David Musulbes

Personal information
- Full name: David Vladimirovich Musulbes
- Born: 28 May 1972 (age 54) Ordzhonikidze, North Ossetian ASSR, Soviet Union

Medal record
Men's freestyle wrestling
Olympic Games
Representing Russia
| Gold medal – first place | 2000 Sydney | 130 kg |
Representing Slovakia
| Silver medal – second place | 2008 Beijing | 120 kg |
World Championships
Representing Russia
| Gold medal – first place | 2001 Sofia | 130 kg |
| Gold medal – first place | 2002 Tehran | 120 kg |
| Bronze medal – third place | 1994 Istanbul | 100 kg |
| Bronze medal – third place | 1997 Krasnoyarsk | 130 kg |

= David Musulbes =

Slovak freestyle wrestler

David Vladimirovich Musulbes (Давид Владимирович Мусульбес, also transliterated Musuľbes, born 28 May 1972 in Ordzhonikidze, North Ossetian ASSR) is a retired Russian wrestler of Georgian origin who competed for Russia and later represented Slovakia.

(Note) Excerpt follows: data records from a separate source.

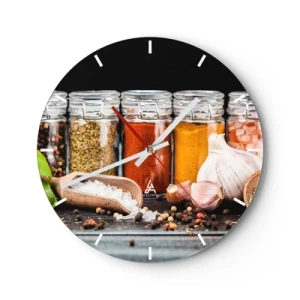 Nástenné hodiny - Farebné korenie v pohároch a kuchynské doplnky - 30x30cm - Aby mal život chuť - Moderná nástenná dekorácia do obývacej izby, kuchyne a spálne ARTTOR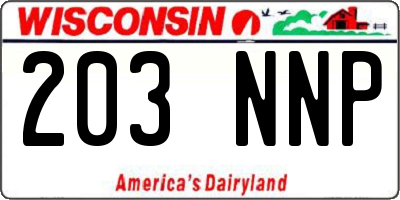 WI license plate 203NNP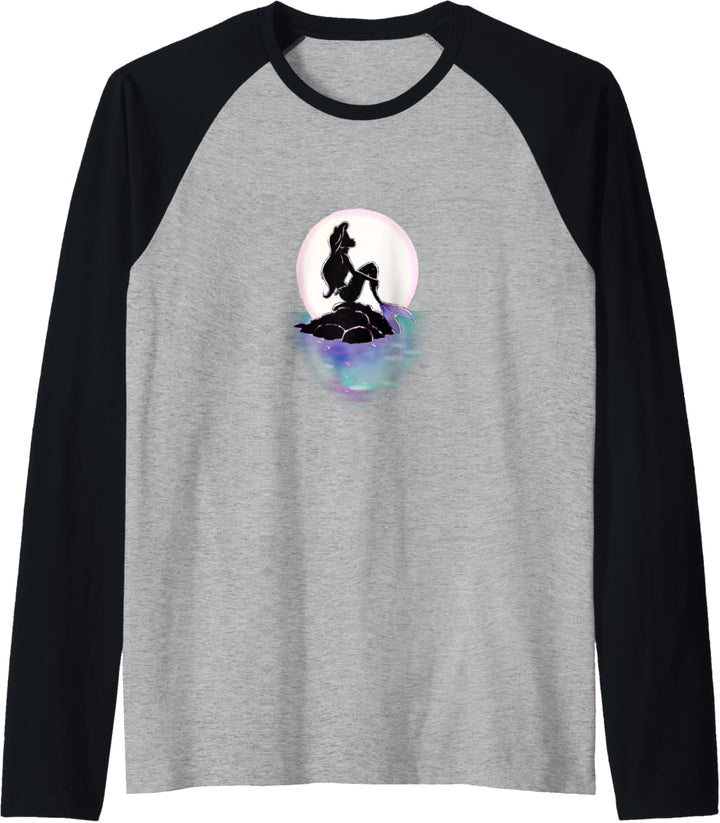 Disney Little Mermaid Ariel Colorful Sunset Moon Raglan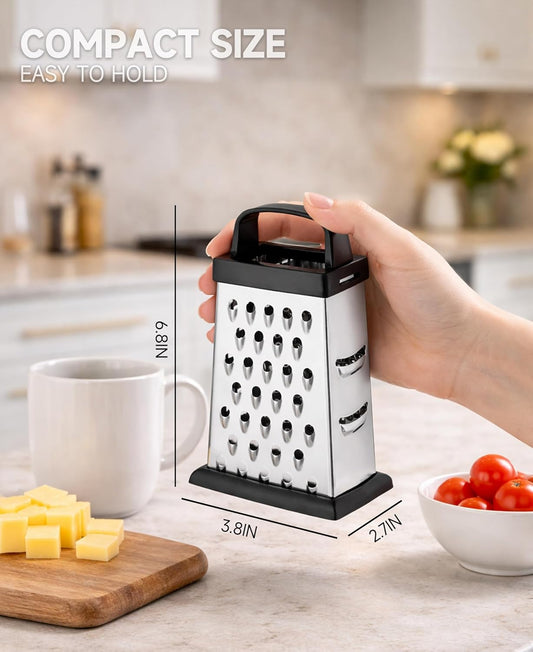 Cheese Grater, 4-Sided Mini Box Grater, Stainless Steel | For cheese, Parmesan & vegetables, compact 4-sided design, dishwasher safe for easy cleaning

He is the 2000 Summer Olympics winner in freestyle 130 kg, the 2001 and 2002 World Champion in freestyle 120 kg.

In 2007, he gained Slovak citizenship and represented Slovakia at the 2008 Summer Olympics, winning the bronze medal in freestyle 120 kg. After Artur Taymazov, who defeated Musulbes in semifinals, was positively tested for banned substance in his urine sample and disqualified, Musulbes moved to second place and silver medal.

Musulbes lives in Moscow, where he is the director of the Moscow Secondary Special Olympic Reserve School No. 1.